### About this task
Repeat, please, exactly the lines from the one that has "SNOWFLAKE VELVET PET" through the end of the records below, with pictures dropped.

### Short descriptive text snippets
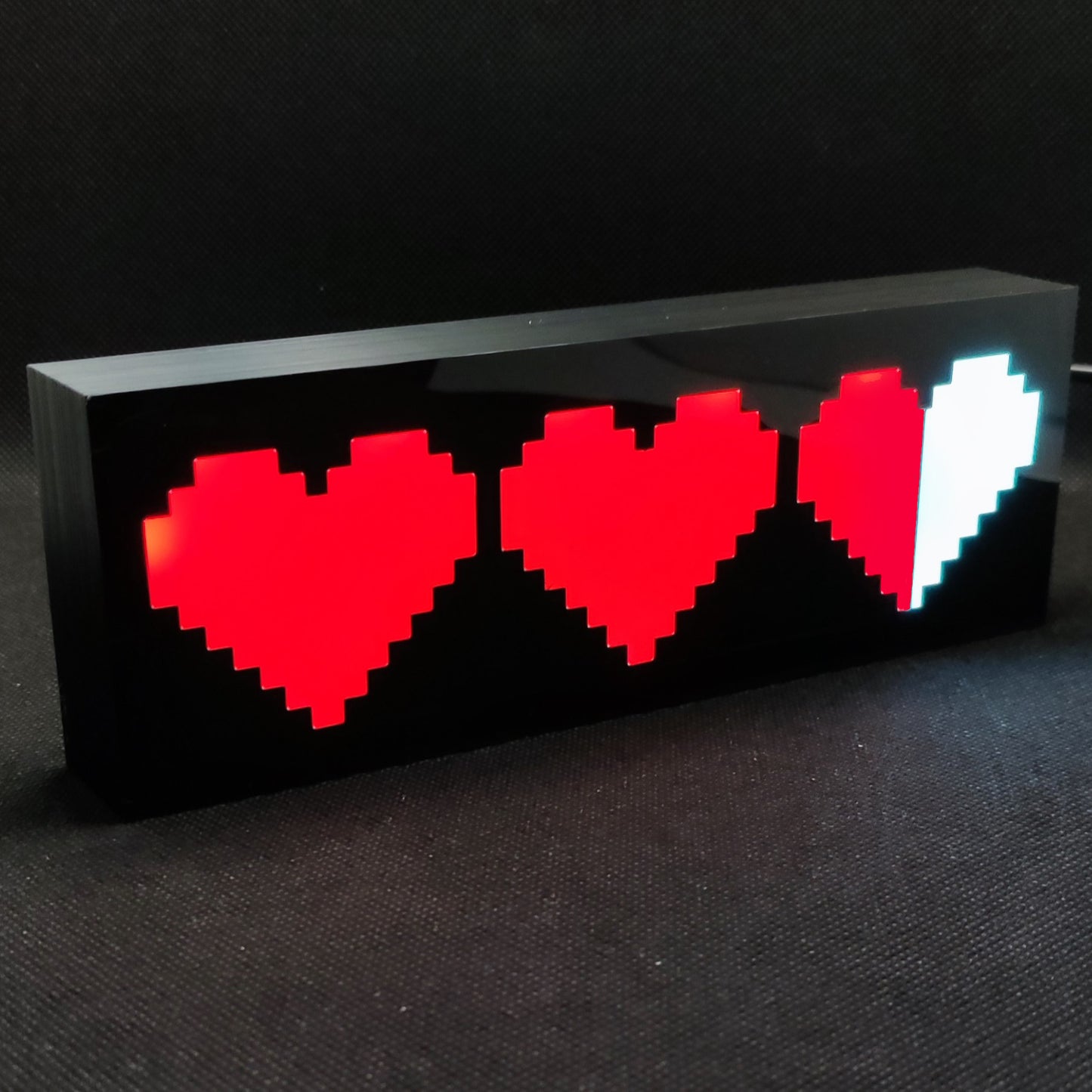 Life Heart Gaming Bar LED Light Sign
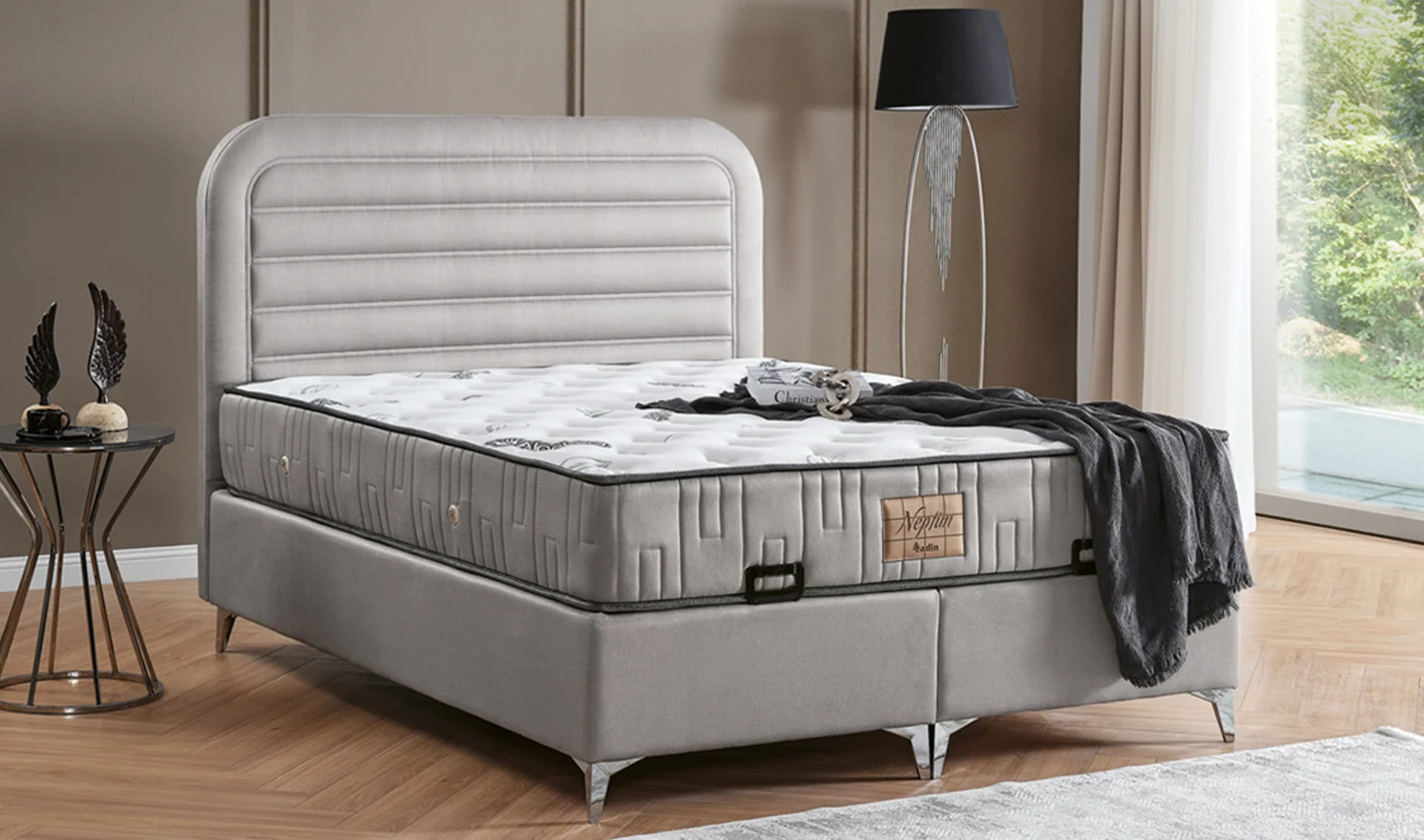 120*200 Yatak + Baza + Başlık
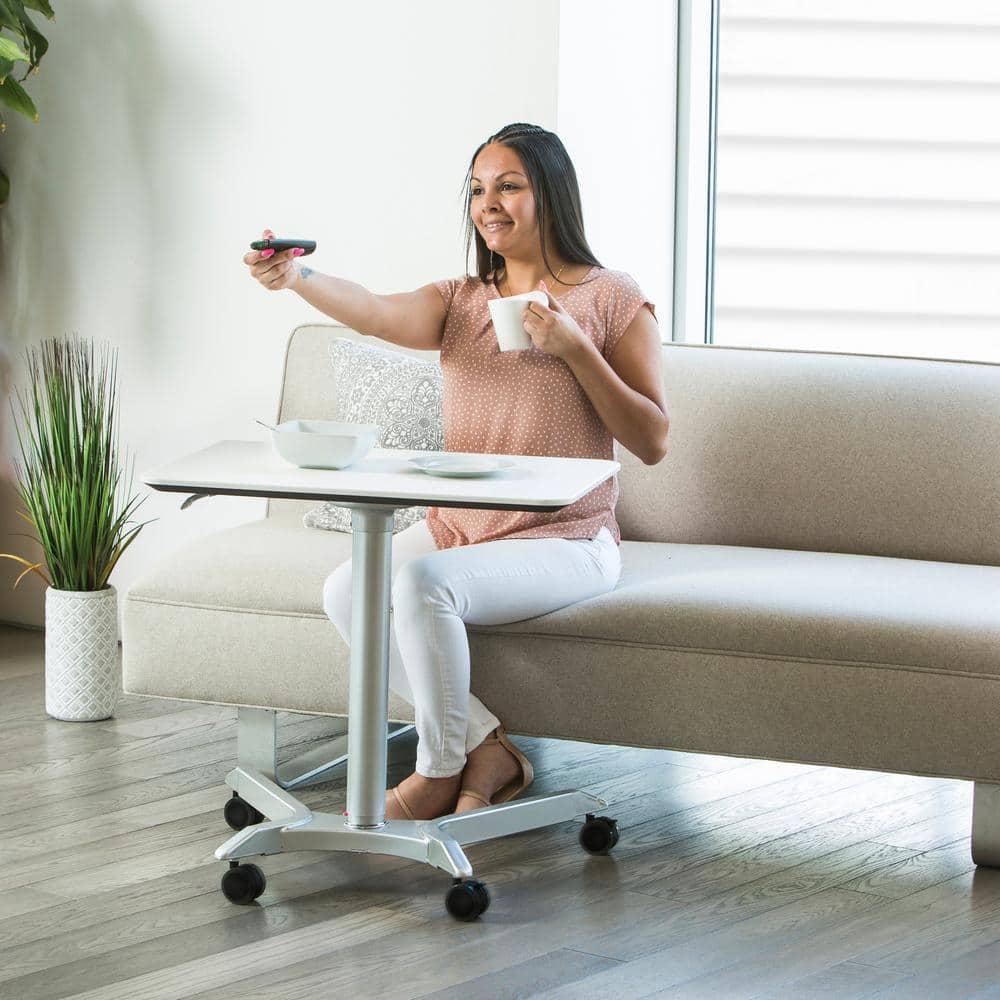 airLIFT 28" W Adjustable Height Rolling Laptop Desk Stand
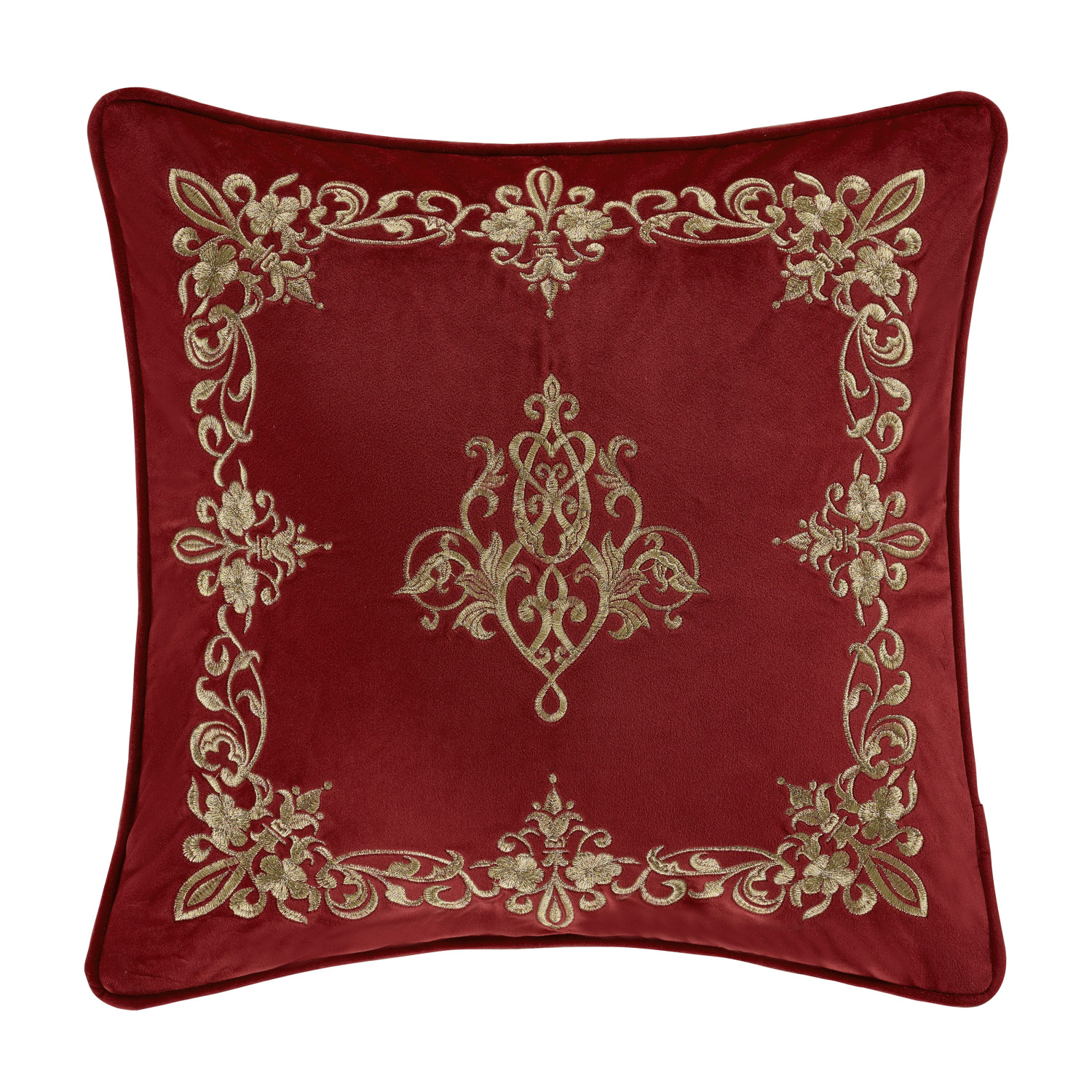 Crimson 18inch Square Decorative Throw Pillow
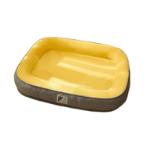 SNOWFLAKE VELVET PET BED (YELLOW) (SMALL) (50x40x10cm) AIC0B116M
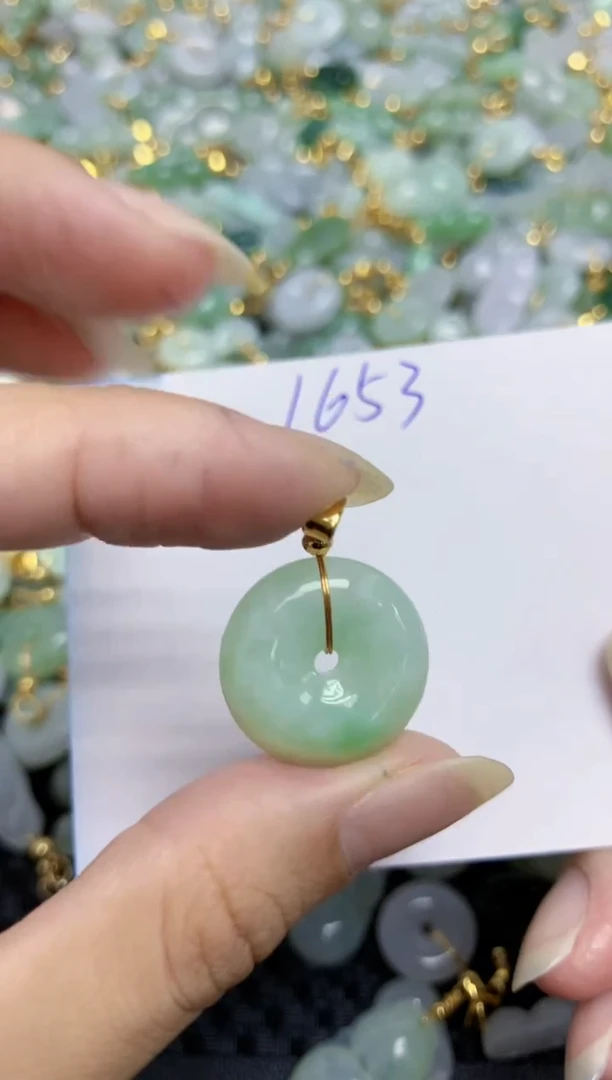 【闪购商品】翡翠挂件合金天然缅甸翡翠A货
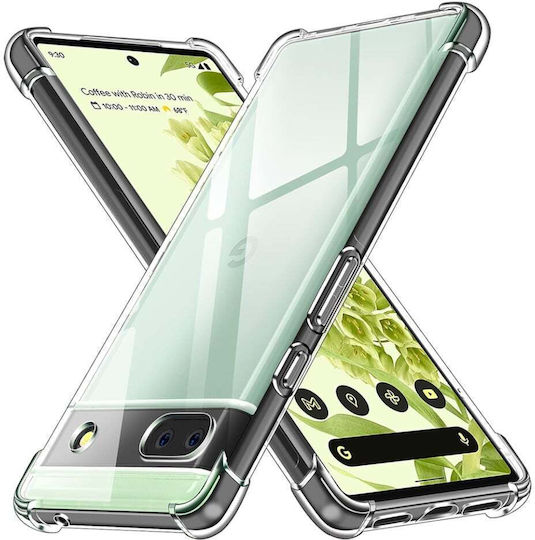 Back Cover Σιλικόνης Διάφανο (Google Pixel 6a)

### Output of the task
 SNOWFLAKE VELVET PET BED (YELLOW) (SMALL) (50x40x10cm) AIC0B116M
 【闪购商品】翡翠挂件合金天然缅甸翡翠A货
 Back Cover Σιλικόνης Διάφανο (Google Pixel 6a)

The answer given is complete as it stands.